__TASK PROMPT__: Below is a listing; transcribe it exactly but without any images.
DATA BLOCK Start Marker
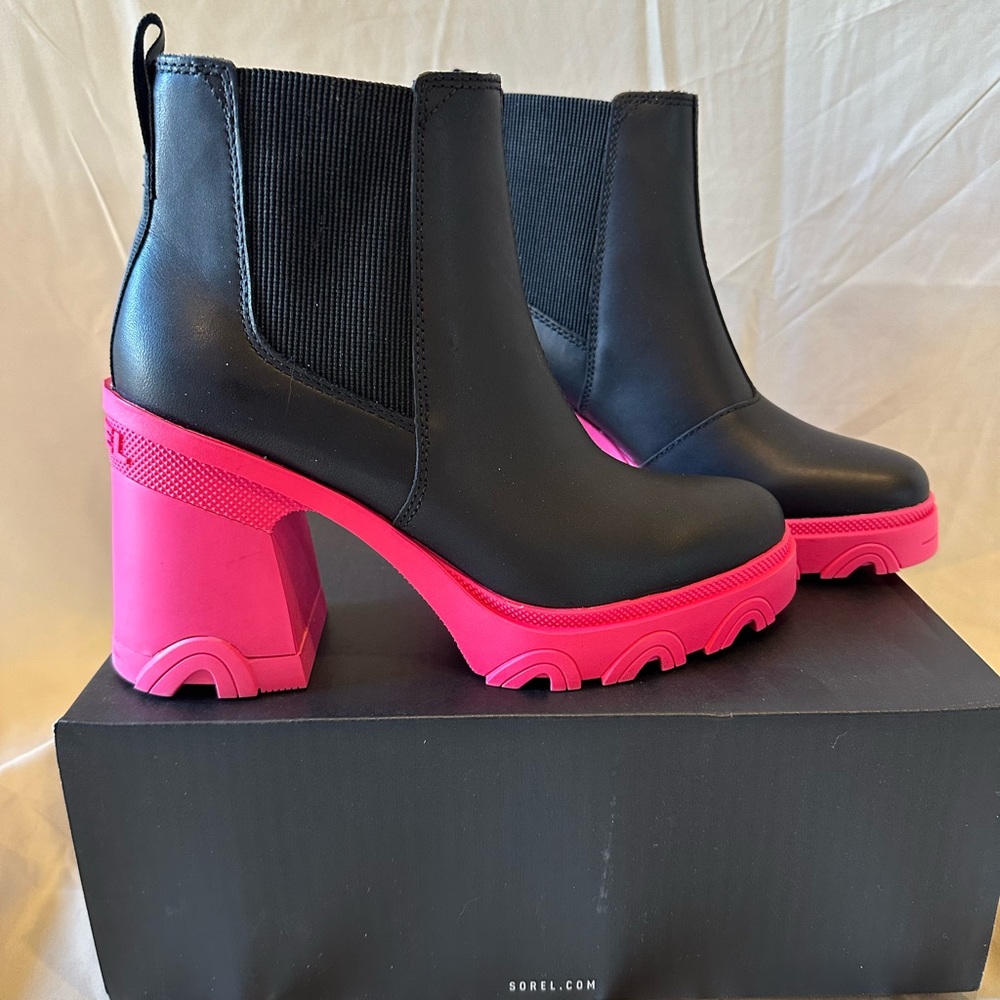 Sorel brex heel chelsea boots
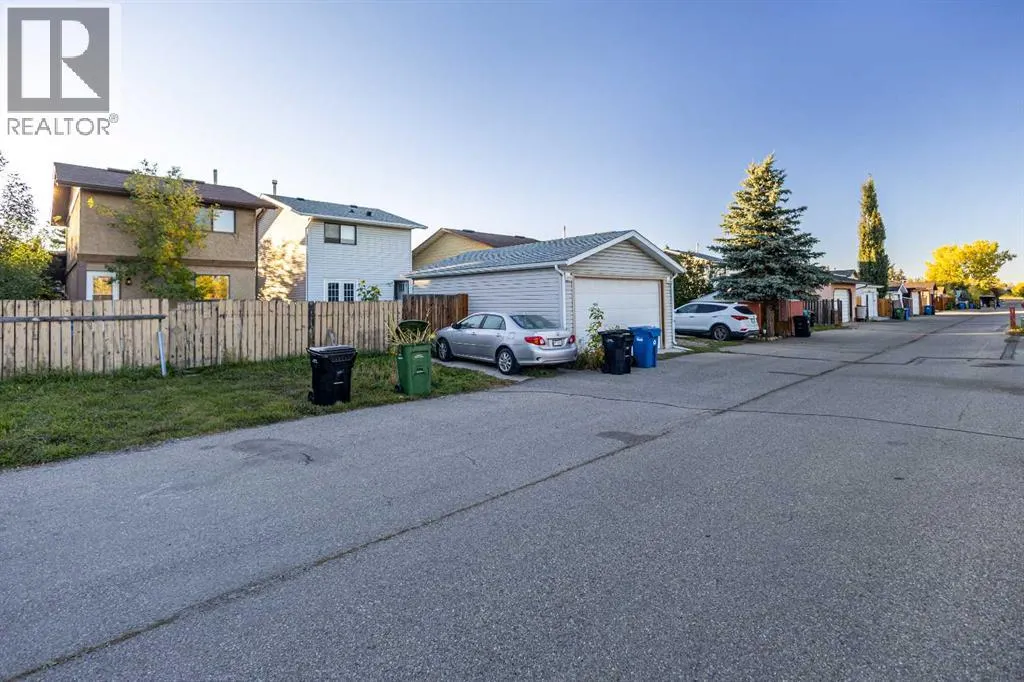 116 Shawmeadows Crescent SW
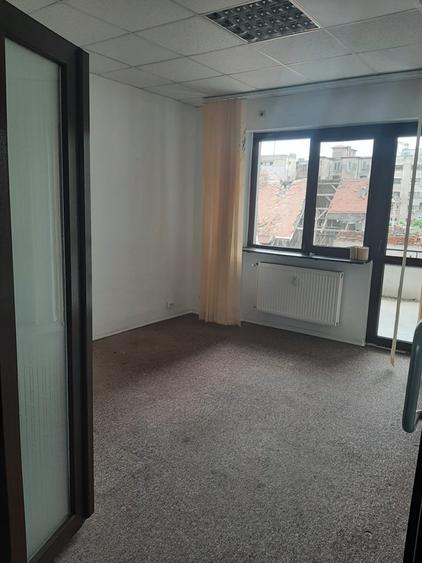 Apartament cu 5 camere decomandat în Romană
DATA BLOCK End Marker
__THE ANSWER__:
 Sorel brex heel chelsea boots
 116 Shawmeadows Crescent SW
 Apartament cu 5 camere decomandat în Romană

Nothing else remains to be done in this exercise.